━━ Data segment ━━

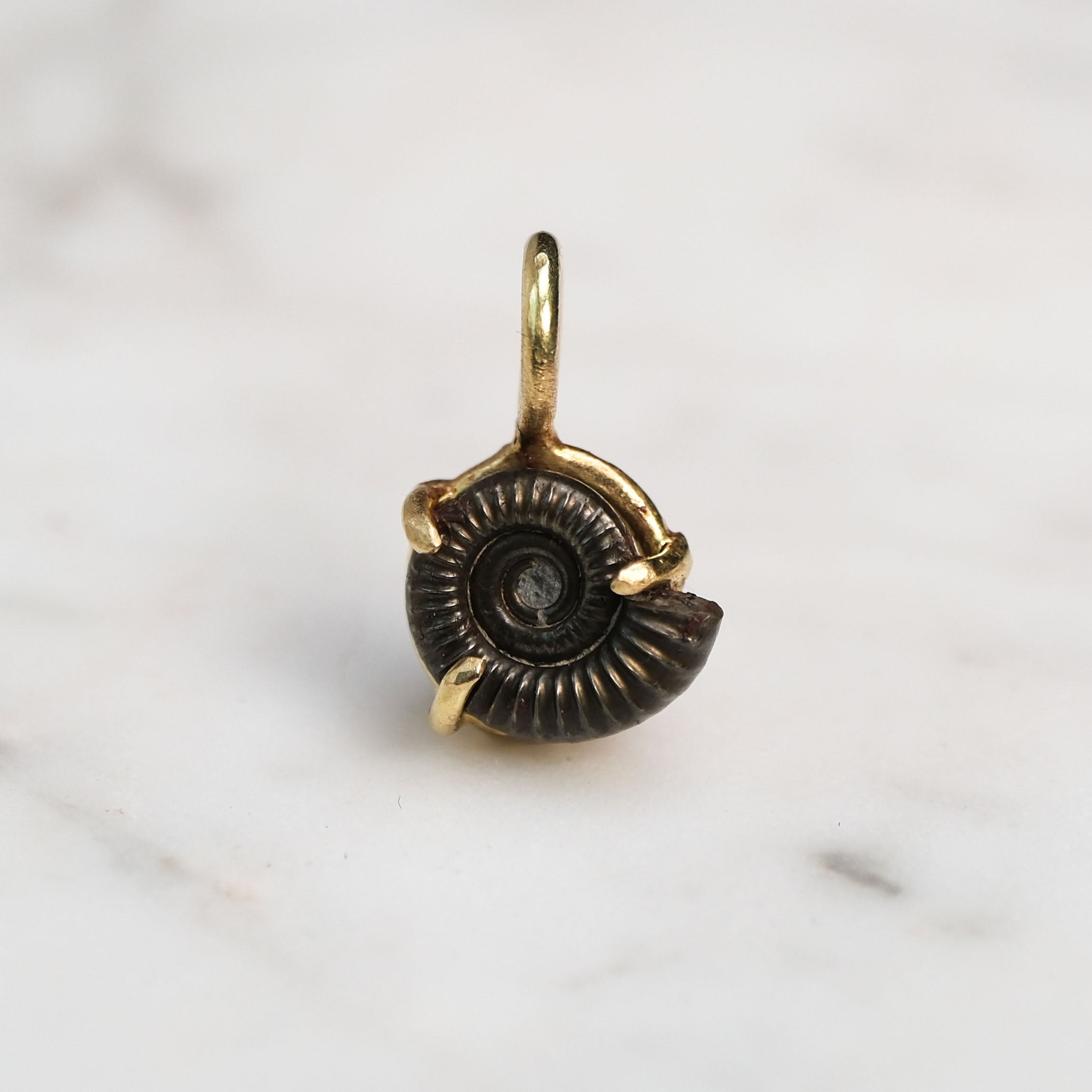 Early Jurassic Ammonite 2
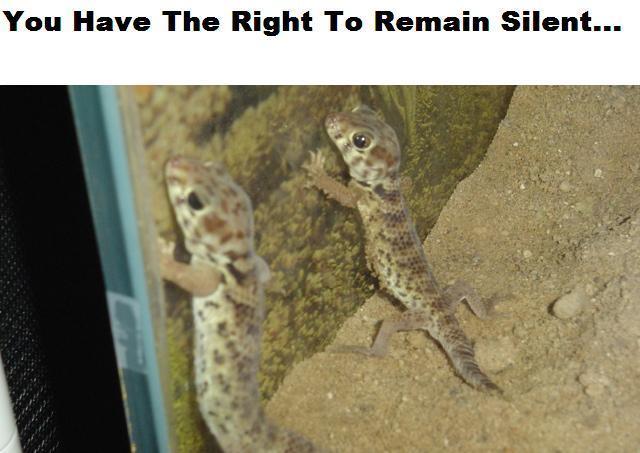 frog eyed geckos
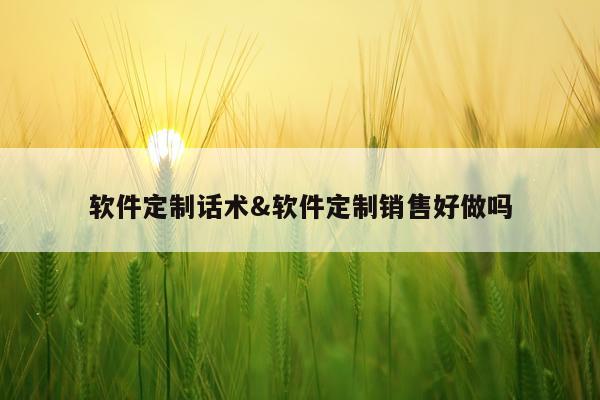 软件定制话术&软件定制销售好做吗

━━━

== How to complete this task ==
Copy each line of the material above exactly, but not the images.

== Solution below ==
 Early Jurassic Ammonite 2
 frog eyed geckos
 软件定制话术&软件定制销售好做吗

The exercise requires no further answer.